3.4 Fluorescence microscopy
Fluorescence microscopes take cell imaging one step further than brightfield or phase-contrast. With the use of fluorophores – applied topically, expressed genetically or by immunofluorescence – fluorescence microscopy helps capture the localization of target molecules involved in cell signaling, apoptosis, cell viability or other cell biology pathways.
Modern cell imagers enable users to toggle between brightfield, phase-contrast and fluorescence imaging. With multiple fluorescence channels for image overlay, you can perform multi-labeling and co-localization when studying cells either in vitro or fixed on a slide. It can also be employed for everyday cell culture activities like measuring cell confluency or ensuring transfection efficiency..
This downloadable poster by Essen BioScience details real-time image-based quantification of phagocytosis in living cells using the IncuCyte by employing pH-sensitive bioparticles that fluoresce in an acidic environment.
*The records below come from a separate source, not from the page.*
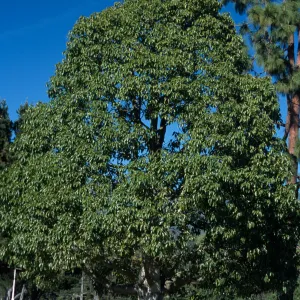 Brachychiton populneus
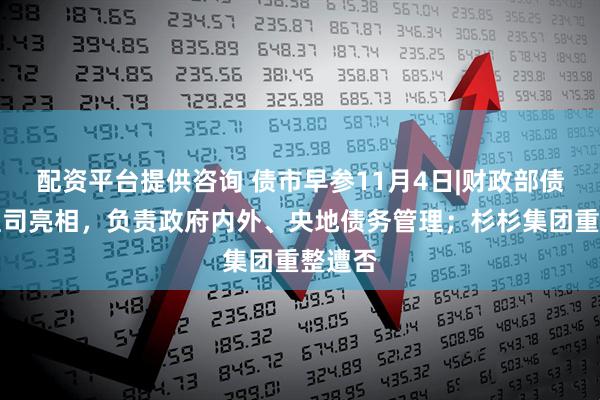 配资平台提供咨询 债市早参11月4日|财政部债务管理司亮相,负责政府内外、央地债务管理;杉杉集团重整遭否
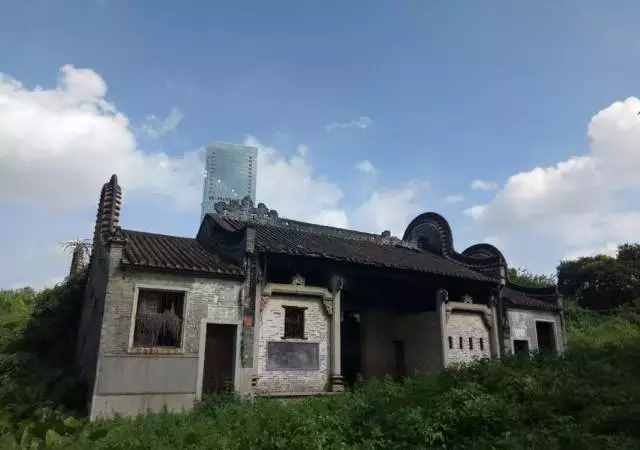 廣州的這8個(gè)小島，人少又免費(fèi)，適合大小情侶的去處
In this application note, learn how the InCellis can automatically calculate cell culture confluency. In a recent SelectScience editorial interview, Dr. Bruce Morgan, University of Kaiserslautern, Germany, explains how he uses genetically-encoded fluorescent sensors to study reactive oxygen species using the CLARIOstar Multimode Microplate Reader.
Fluorescent labels and dyes: The use of fluorescence in microscopy enables more specific analysis of a specimen. Cells and tissues can be stained or labeled with one or more dyes, to allow complex visualization of structures, such as nuclei or proteins. For example, DRAQ5™ is a selective nuclear stain, while DRAQ7™ selectively stains dead, dying and apoptotic cells. GFP (green fluorescent protein) or firefly luciferase can be expressed within cells and fused to a protein of interest, giving ready labeled specimens for imaging. Likewise, immunofluorescence uses fluorescently labeled antibodies to target structures of interest.
Fluorescent labels vary in signal strength and in the amount of background fluorescence. If a sample is to be viewed for a long time, e.g. for live imaging and tracking of cellular events, photobleaching of the fluorophore needs to be addressed; this may affect your label choice. Consider your application, too –¬¬ for live cell assays, fluorescent probes need to be cell membrane permeable to assess structure and function within the cell.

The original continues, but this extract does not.